Kocham też w przepełnionym autobusie pierdolnąć bączura, reakcje są dosłownie przecudowne…
Kocham też w windzie zjebać się aż miło gdy na dół jadę i widzę, że na dole ktoś będzie wsiadał. Wtedy przytulam ucho do zamkniętych już drzwi i słucham jak ktoś chujami jedzie…
Lubię też w Biedronce przeciskać się między kolejkami do kas i napierdalać wtedy serią jak z kałacha…
Odpręża mnie to bez względu na to jak wielce wielka to chujnia…
Lubię bardzo też do ciuchelca jakiego latem wejść, gdzie stare pudła hurtem kopią za łachami, jebnąć z kilka takich po bigosie popitym mlekiem… i wyjść. Wtedy zatrzymuję się, odwracam i patrzę jak moher za moherem z lokalu wylatują…. haha…

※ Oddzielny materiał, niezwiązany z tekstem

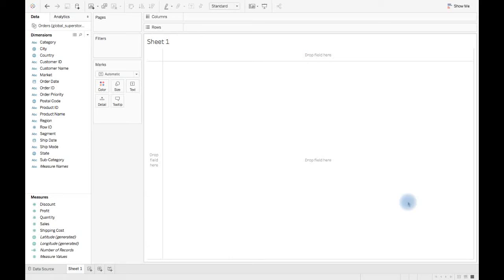Hi, in this video we will talk about what is granularity in Tableau. Granularity in simple terms means breaking down a piece of information into smaller pieces to understand what is the lowest level of detail present in the raw data.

Ostatnio w tramwaju wyjebałem prawie jak z granatnika i jakiś Janusz o mało od jakiegoś narwańca wpierdol za to nie dostał…
Nie szkoda ci flaków na mieszanki bigosowo mlekowe?
Haha dobre to koczkodanie
Ale będzie lepsze jak ktoś usłyszy i ci wyjebie bombe na łeb haha
Czy warto było pierdzieć tak przez całe życie
Czy warto było pierdzieć jak ja
Czy warto było pierdzieć tak aż do bólu
Czy mogę odejść sobie już
Nie chcę żałować żadnych chwil
Chociaż wiem że nie było kolorowo
Nie chcę zostawić żadnych cichaczy
Chociaż wiem że czasem poszedł kleks.
… Uśmiechnę się do swoich myśli
Zcałuję z Ciebie cały blask o tak
Powoli zamknę w sobie przyszłość
Puszczając cichacz raz po raz o nie!
Bo dziewczyny lubią brąz….
* w brąz
Tu koleś od podsłuchiwania srających panien. Odezwij się do mnie panienko, uwielbiam takie. Możesz siadać mi na twarzy i pierdzieć.
Też lubię pierdzieć, z tym że ja jakieś 20 lat temu jak podstawówkę kończyłem to lubiłem napierdalać z moździerza na przerwie i słyszeć od patoli te, kuuuuuurrrwa! Ale jebie!!!